> [Web page caption snippets]:
_____

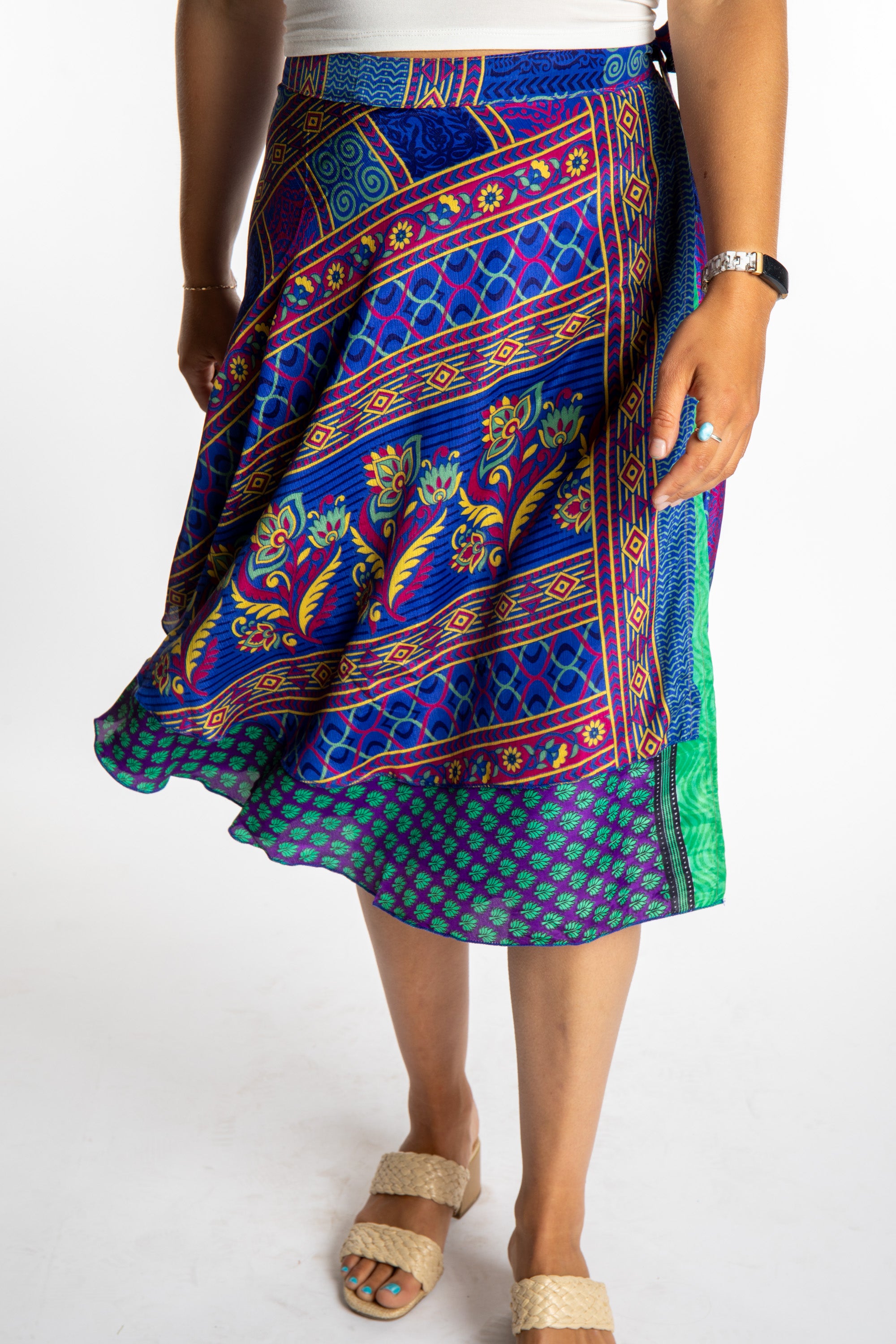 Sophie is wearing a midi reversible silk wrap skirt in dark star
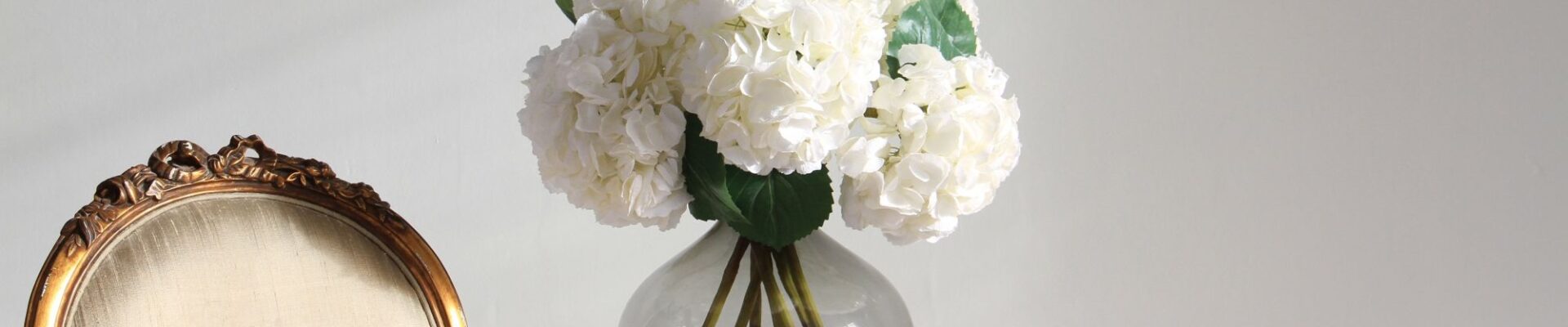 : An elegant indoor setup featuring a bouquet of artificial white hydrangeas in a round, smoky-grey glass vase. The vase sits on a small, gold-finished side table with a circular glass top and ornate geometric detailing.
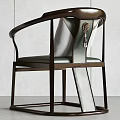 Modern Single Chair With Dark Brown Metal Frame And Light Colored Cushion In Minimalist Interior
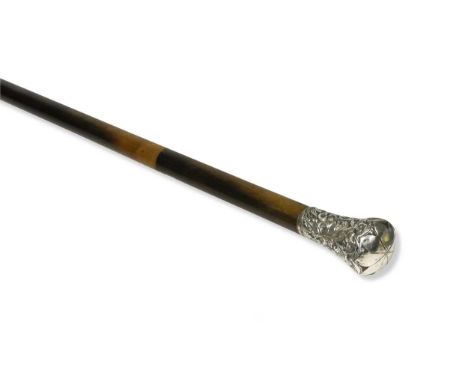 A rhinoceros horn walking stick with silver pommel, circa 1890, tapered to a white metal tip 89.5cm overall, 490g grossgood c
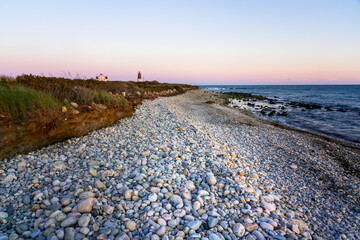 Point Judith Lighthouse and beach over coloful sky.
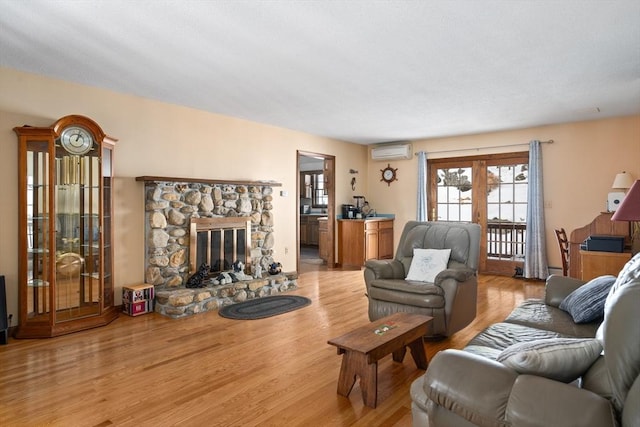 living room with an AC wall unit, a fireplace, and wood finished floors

_____

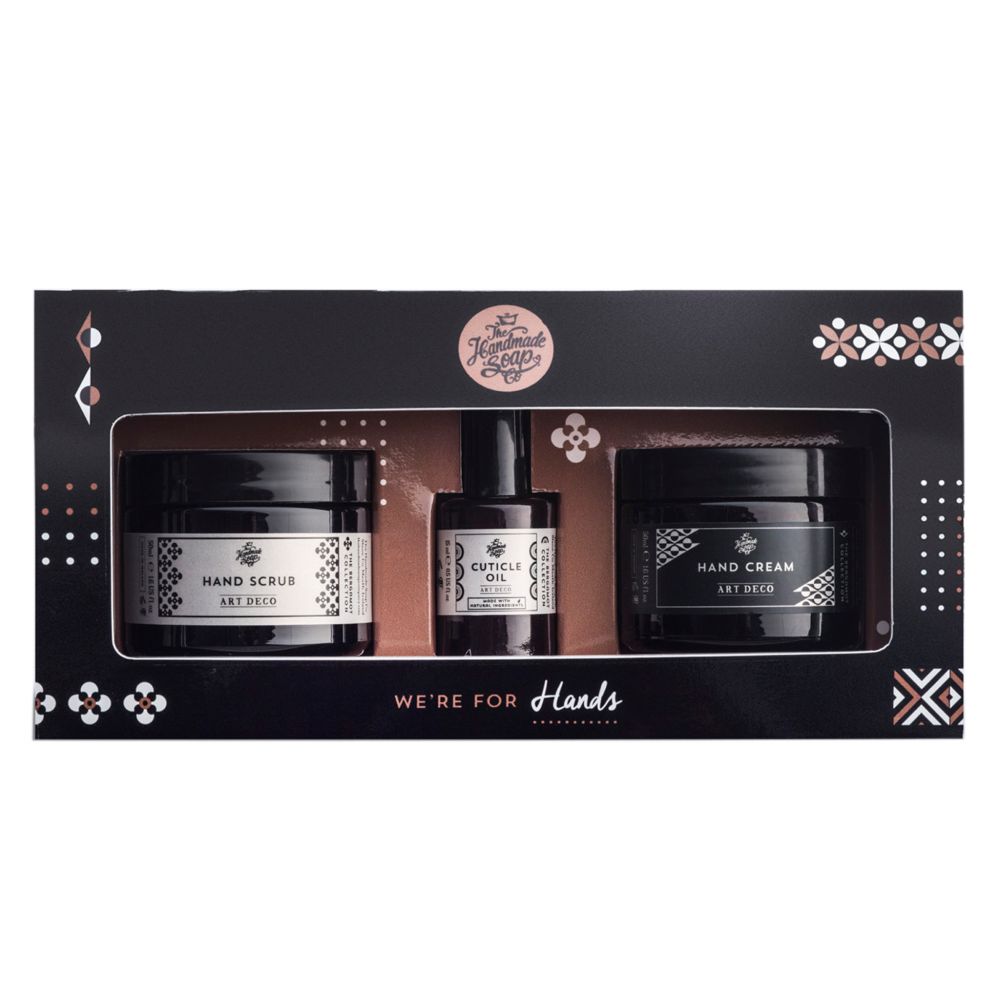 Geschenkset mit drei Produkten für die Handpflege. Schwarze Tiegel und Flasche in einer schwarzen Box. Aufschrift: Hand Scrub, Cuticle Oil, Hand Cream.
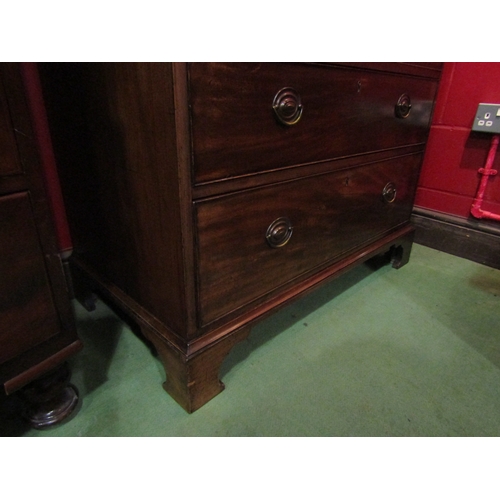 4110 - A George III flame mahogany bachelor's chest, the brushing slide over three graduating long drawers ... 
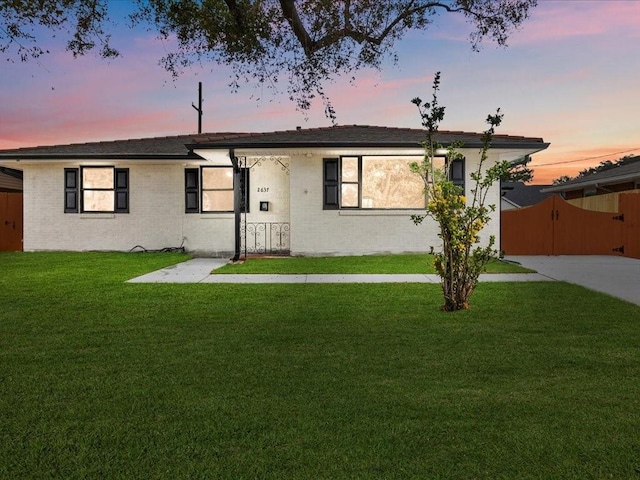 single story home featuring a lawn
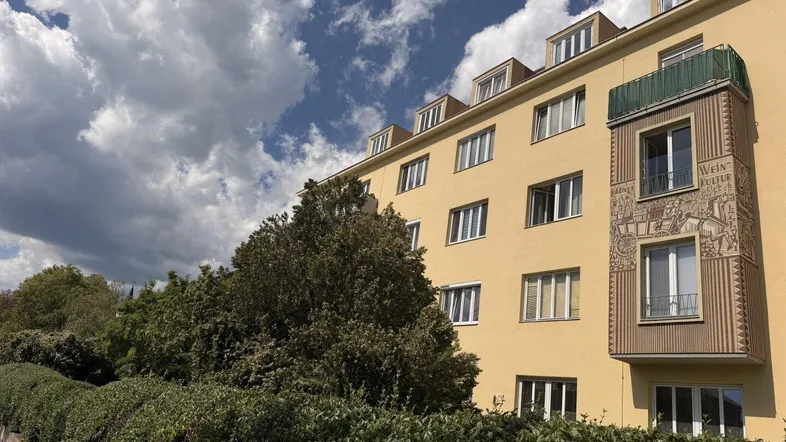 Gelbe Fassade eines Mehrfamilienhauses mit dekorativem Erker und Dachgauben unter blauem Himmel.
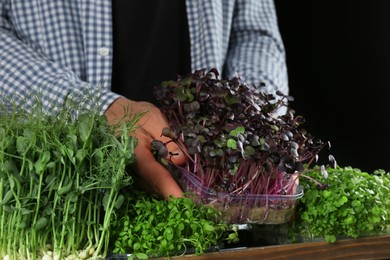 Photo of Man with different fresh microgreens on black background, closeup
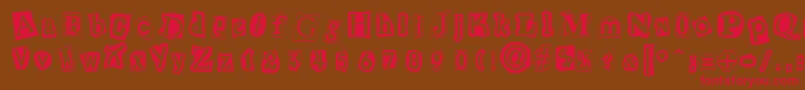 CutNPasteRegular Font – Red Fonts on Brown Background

_____

> [WORK INSTRUCTIONS]:
Exactly the lines above from the one that contains "Sophie is wearing" down to the one that contains "living room with" are to be output, both ends kept and pictures omitted.

> [REPLY TO THE EXERCISE]:
 Sophie is wearing a midi reversible silk wrap skirt in dark star
 : An elegant indoor setup featuring a bouquet of artificial white hydrangeas in a round, smoky-grey glass vase. The vase sits on a small, gold-finished side table with a circular glass top and ornate geometric detailing.
 Modern Single Chair With Dark Brown Metal Frame And Light Colored Cushion In Minimalist Interior
 A rhinoceros horn walking stick with silver pommel, circa 1890, tapered to a white metal tip 89.5cm overall, 490g grossgood c
 Point Judith Lighthouse and beach over coloful sky.
 living room with an AC wall unit, a fireplace, and wood finished floors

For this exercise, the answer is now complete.